Hutton has helped to revive the government's promise of a civil service act, designed to draw clearer boundaries between the roles of ministers, civil servants and special advisers. But freedom of information (FOI) is unlikely to be significantly advanced.
When Hutton shines his spotlight into the darker corners of Whitehall, he enjoys a degree of co-operation which the ordinary FOI "requester" can only dream of. There are four main reasons why the disclosures to Hutton should not be equated with the kind of information we will get to see under FOI: resources, exemptions, speed and government attitude.
First, resources. The Hutton inquiry will cost about ?2m, and much more in terms of civil servants' diverted time. Under the FOI Act, Whitehall guidelines advise departments that they can refuse requests which will cost more than about ?500 to answer, in order to prevent undue diversion of resources. All FOI laws require some such protection to guard departments against unduly voluminous requests or fishing expeditions. But?500 would not have taken the Hutton inquiry very far.
The second reason lies in the exemption regime.
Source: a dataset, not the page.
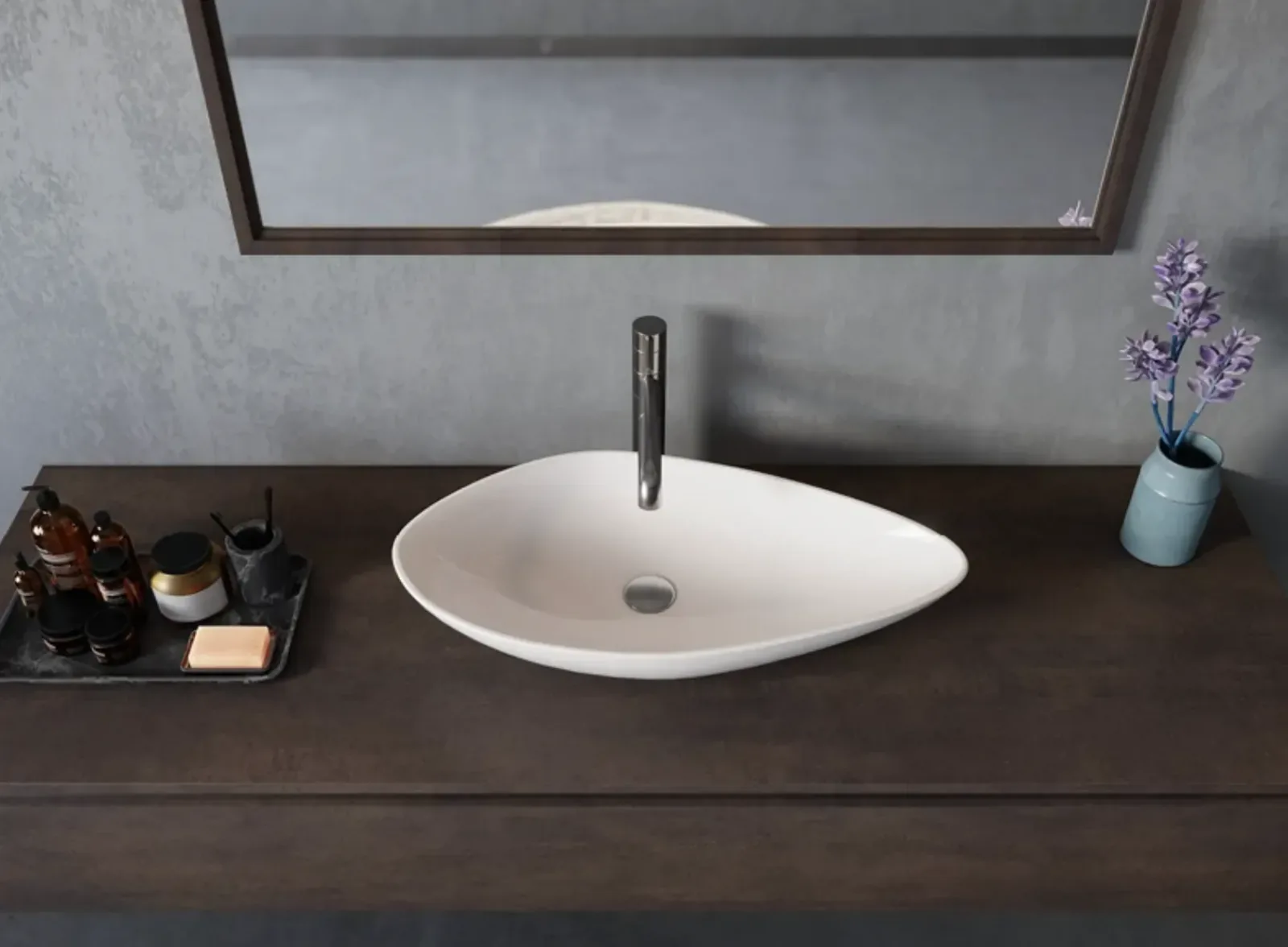 Vasque à poser blanche de forme organique sur plan de toilette bois foncé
The secretary to the Hutton inquiry, Lee Hughes, was the official in charge of FOI in Whitehall, and has applied FOI principles in editing the documents before they are published on the website. At least two pages have been withheld on grounds of national security, and a lot of personal details have been deleted to protect privacy. But much more could have been withheld, under the FOI Act exemptions for defence, international relations, formulation of government policy and the free and frank provision of advice. Because of the intense public interest in the Hutton inquiry, Hughes was able to take a bold view of the overriding public interest in disclosure. Few of his colleagues will be quite so bold when responding to FOI requests, and will find plenty in the multiple exemptions to justify nondisclosure. By international standards, Britain's FOI Act has a particularly broad exemption for policy advice, with no requirement to disclose purely factual material, or statistical, scientific and technical reports of the kind David Kelly prepared. Most unusually, the final decision on release is left to ministers, who are unlikely to disclose policy advice which does not support their decisions.
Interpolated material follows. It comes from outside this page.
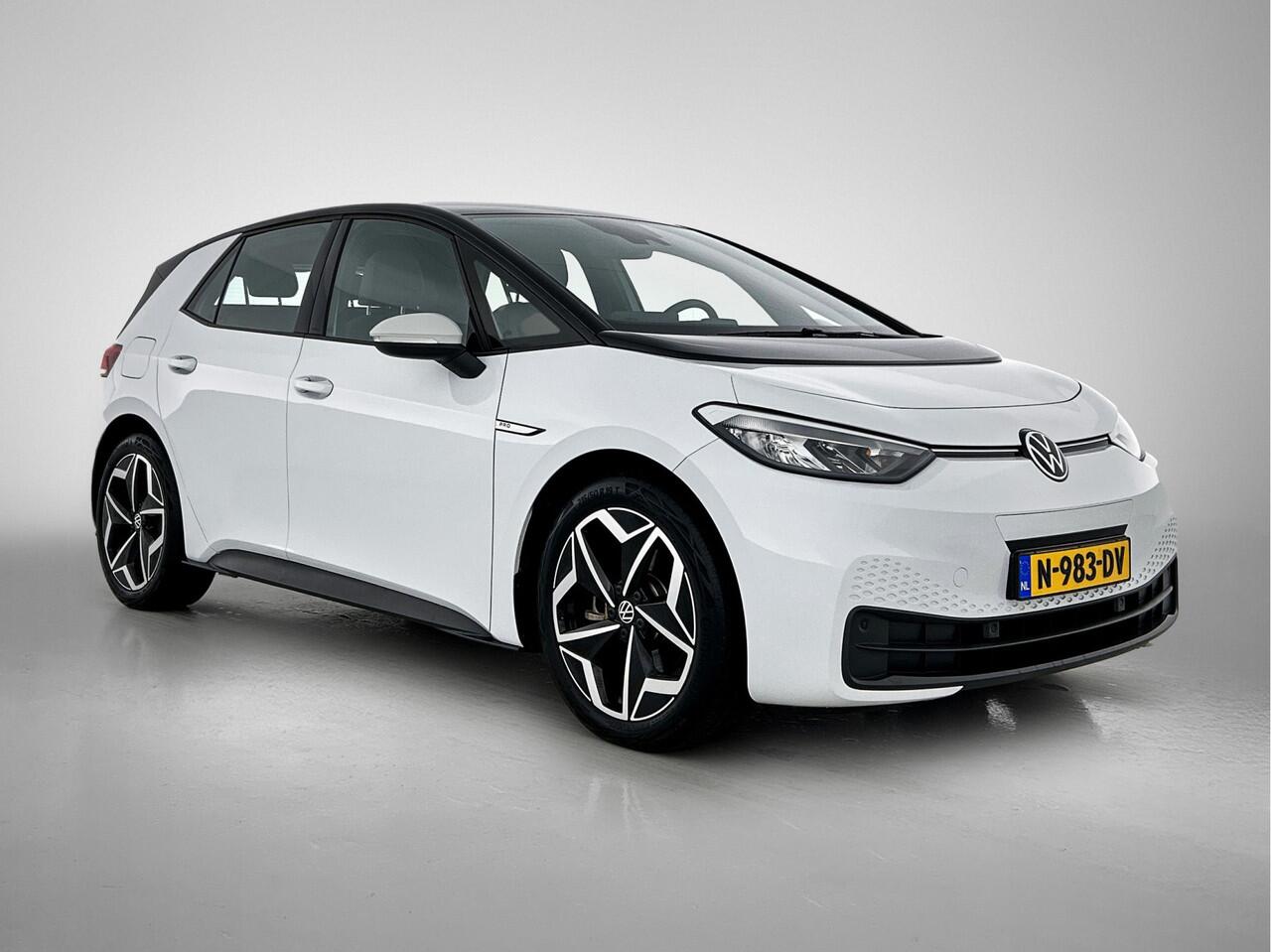 Volkswagen ID.3 PRO 58 kWh Climate Control | Cruise Control | Navigatie | Parkeersensoren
Next, speed of response. Hutton gets documents within days, sometimes hours. The FOI Act requires departments to respond to a request within 20 days, but the time limit can be extended, and in overseas jurisdictions complex or tricky requests often take months, especially when departments need to consult lawyers or third parties before deciding how much to release. If information is withheld, and the FOI requester decides to appeal, the appeal can take years. For a journalist, having to wait months or even years for information will generally kill off a story.
Finally, the government's attitude. Having set up the Hutton inquiry, the Blair government can hardly decline to co-operate. Ministers and officials have leaned over backwards to help. Once the inquiry is over, it will be business as usual. We know the government's business as usual attitude from its response to two recent reports from the ombudsman, Ann Abraham, who had recommended disclosure of lists of ministerial gifts and possible ministerial conflicts of interest. In the former case, she revealed that the lord chancellor, who favoured disclosure, had been overruled when Jonathan Powell, Blair's chief of staff, decided that press coverage of a "huge list of gifts" would be too embarrassing. Both Abraham's recommendations were swept aside, leading her to threaten to withdraw from investigating access to information complaints if this was how the government responded.
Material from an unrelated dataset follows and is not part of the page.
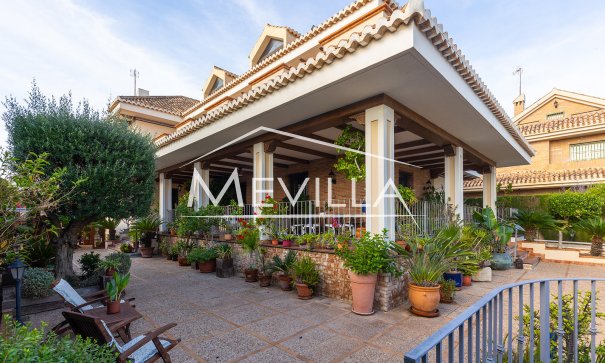Resales - Villa - Torrevieja - La Veleta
It is not generally recognised, especially by officials who fear the advent of FOI, just how many cards the government continues to hold. It can stand pat, and decide to release nothing. It can play for time, and release information late, or in dribs and drabs. If taken to appeal, departments can argue the toss with the information commissioner, delaying matters further. If the commissioner orders disclosure on public interest grounds, ministers can veto his decision.
These fears are not fanciful. All these things have happened in other countries; they are likely to happen here. True, the FOI Act has an overriding public interest test. On that, let the last word rest with Richard Scott. In the course of his inquiry into arms for Iraq, Scott became a wise and weary Whitehall watcher. His report concluded: "where disclosure might be politically or administratively inconvenient, the balance struck by the government comes down, time and again, against full disclosure." Scott had no lasting impact on changing that culture; neither will Hutton.